Task to complete ▸
Leave out the pictures, and retype the remaining data exactly.

Input data ▸
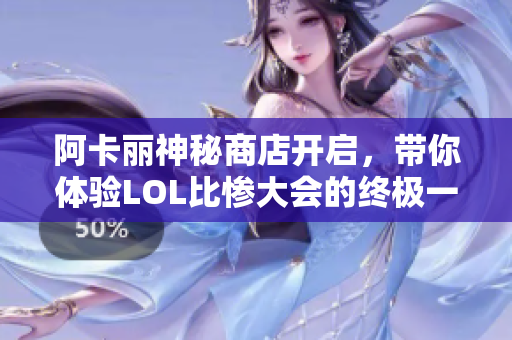 阿卡丽神秘商店开启，带你体验LOL比惨大会的终极一天
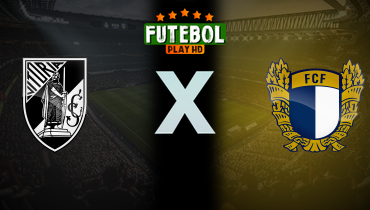 Assistir Vitória Guimarães x Famalicão ao vivo online 01/09/2024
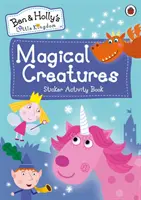 Království Bena a Holly: Kouzelná stvoření Samolepková knížka s aktivitami - Ben and Holly's Little Kingdom: Magical Creatures Sticker Activity Book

Answer below ▸
 阿卡丽神秘商店开启，带你体验LOL比惨大会的终极一天
 Assistir Vitória Guimarães x Famalicão ao vivo online 01/09/2024
 Království Bena a Holly: Kouzelná stvoření Samolepková knížka s aktivitami - Ben and Holly's Little Kingdom: Magical Creatures Sticker Activity Book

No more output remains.